> _What is expected_: Find the line with "Caucasian businessman cooking in kitchen" in the entries below. Repeat it, every following line, and the line with "a pool with a deck and chairs on a beach", exactly and with nothing added.

> _Caption-style text data_:
★ ★ ★ ★ ★ ★ ★

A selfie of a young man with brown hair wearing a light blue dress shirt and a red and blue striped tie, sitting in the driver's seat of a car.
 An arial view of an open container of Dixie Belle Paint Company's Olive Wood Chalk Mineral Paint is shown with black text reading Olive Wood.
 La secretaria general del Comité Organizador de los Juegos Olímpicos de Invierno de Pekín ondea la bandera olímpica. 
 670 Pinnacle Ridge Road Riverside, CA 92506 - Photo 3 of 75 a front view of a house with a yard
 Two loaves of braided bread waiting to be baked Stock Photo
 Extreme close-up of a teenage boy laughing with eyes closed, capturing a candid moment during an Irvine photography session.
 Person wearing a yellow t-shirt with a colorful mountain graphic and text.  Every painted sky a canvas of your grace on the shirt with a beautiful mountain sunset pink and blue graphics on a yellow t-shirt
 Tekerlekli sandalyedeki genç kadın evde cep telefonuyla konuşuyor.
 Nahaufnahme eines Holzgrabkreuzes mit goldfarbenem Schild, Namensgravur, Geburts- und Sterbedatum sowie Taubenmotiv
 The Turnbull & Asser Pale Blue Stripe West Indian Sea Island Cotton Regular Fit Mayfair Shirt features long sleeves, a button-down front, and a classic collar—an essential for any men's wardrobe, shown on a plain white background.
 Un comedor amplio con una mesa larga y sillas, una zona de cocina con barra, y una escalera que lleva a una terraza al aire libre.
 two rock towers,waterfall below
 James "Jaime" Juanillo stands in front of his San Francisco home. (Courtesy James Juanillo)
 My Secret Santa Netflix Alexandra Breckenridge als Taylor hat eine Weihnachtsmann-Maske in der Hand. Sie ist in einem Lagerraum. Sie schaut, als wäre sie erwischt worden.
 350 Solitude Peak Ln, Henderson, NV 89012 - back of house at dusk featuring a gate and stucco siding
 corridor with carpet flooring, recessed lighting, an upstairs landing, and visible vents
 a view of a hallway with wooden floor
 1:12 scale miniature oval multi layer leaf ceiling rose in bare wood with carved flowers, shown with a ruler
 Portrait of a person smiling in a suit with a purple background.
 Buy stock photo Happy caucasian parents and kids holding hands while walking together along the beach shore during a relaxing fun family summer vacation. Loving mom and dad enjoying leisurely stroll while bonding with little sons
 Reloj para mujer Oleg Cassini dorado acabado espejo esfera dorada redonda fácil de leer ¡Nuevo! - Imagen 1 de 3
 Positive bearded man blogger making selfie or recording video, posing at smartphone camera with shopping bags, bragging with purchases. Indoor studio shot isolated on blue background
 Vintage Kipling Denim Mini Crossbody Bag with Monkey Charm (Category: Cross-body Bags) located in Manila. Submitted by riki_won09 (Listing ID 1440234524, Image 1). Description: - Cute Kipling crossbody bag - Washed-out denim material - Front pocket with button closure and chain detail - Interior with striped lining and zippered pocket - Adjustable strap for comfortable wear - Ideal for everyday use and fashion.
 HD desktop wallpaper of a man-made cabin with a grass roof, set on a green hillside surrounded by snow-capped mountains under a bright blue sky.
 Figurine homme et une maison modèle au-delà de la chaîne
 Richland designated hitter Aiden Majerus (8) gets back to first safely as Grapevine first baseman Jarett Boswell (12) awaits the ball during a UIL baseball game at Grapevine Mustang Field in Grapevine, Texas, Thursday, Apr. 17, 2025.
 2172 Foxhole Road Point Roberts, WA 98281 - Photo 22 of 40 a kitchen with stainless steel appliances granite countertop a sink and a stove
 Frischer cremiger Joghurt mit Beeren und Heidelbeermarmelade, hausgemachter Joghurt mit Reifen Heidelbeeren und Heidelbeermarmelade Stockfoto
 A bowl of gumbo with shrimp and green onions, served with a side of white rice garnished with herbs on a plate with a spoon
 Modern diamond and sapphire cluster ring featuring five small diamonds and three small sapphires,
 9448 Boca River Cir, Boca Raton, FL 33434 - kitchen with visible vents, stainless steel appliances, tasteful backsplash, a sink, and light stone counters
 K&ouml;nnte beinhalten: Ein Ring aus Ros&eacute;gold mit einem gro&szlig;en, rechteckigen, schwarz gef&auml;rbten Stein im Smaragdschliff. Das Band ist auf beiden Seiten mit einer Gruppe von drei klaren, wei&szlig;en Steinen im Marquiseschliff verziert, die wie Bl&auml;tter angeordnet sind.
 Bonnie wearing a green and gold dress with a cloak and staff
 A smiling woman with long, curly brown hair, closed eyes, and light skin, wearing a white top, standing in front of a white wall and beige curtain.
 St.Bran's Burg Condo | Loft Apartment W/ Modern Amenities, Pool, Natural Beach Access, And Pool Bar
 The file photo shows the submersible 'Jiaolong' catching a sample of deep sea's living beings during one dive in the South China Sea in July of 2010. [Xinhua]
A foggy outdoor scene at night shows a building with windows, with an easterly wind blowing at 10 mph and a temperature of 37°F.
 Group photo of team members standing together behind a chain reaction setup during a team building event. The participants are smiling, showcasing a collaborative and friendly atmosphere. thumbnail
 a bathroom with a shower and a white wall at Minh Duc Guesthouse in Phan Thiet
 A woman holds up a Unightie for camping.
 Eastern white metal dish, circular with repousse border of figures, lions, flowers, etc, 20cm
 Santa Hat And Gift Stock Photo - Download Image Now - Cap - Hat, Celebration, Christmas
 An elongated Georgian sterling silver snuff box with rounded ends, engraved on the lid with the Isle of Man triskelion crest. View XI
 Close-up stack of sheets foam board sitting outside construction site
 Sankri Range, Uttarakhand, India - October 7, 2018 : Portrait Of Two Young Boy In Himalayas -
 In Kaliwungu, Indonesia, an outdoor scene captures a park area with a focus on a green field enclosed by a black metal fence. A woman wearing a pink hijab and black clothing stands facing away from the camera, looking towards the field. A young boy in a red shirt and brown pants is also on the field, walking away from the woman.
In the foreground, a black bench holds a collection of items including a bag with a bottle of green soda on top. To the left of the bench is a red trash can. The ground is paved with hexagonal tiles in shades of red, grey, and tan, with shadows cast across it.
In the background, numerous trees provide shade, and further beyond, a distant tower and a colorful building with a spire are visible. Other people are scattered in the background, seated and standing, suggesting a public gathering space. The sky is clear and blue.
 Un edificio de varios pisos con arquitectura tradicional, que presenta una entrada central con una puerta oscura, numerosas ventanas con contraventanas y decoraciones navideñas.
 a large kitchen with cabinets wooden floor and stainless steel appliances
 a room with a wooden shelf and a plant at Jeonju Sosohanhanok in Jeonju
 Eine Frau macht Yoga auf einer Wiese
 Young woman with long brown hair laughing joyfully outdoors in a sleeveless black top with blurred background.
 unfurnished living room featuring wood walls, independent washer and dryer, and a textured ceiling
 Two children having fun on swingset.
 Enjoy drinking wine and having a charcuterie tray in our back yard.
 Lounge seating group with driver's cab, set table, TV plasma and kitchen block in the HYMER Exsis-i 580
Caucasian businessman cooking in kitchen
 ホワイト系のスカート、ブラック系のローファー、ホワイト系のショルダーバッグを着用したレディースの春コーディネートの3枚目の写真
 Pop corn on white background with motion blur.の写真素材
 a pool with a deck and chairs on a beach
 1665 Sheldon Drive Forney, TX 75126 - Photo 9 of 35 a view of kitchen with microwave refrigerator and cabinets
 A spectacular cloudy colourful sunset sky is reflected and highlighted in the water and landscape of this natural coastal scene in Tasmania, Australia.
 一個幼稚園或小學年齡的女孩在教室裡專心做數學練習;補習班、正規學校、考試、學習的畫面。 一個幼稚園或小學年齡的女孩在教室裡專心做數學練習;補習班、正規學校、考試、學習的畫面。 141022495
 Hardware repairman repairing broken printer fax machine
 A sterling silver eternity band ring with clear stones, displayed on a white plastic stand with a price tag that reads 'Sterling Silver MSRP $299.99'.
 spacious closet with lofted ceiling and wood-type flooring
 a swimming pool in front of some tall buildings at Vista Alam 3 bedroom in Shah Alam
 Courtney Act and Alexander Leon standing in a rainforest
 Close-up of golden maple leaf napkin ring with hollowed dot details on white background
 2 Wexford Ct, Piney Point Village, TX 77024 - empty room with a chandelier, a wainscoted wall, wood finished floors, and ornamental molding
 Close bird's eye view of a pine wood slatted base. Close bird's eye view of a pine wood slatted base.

★ ★ ★ ★ ★ ★ ★

> _Response_:
Caucasian businessman cooking in kitchen
 ホワイト系のスカート、ブラック系のローファー、ホワイト系のショルダーバッグを着用したレディースの春コーディネートの3枚目の写真
 Pop corn on white background with motion blur.の写真素材
 a pool with a deck and chairs on a beach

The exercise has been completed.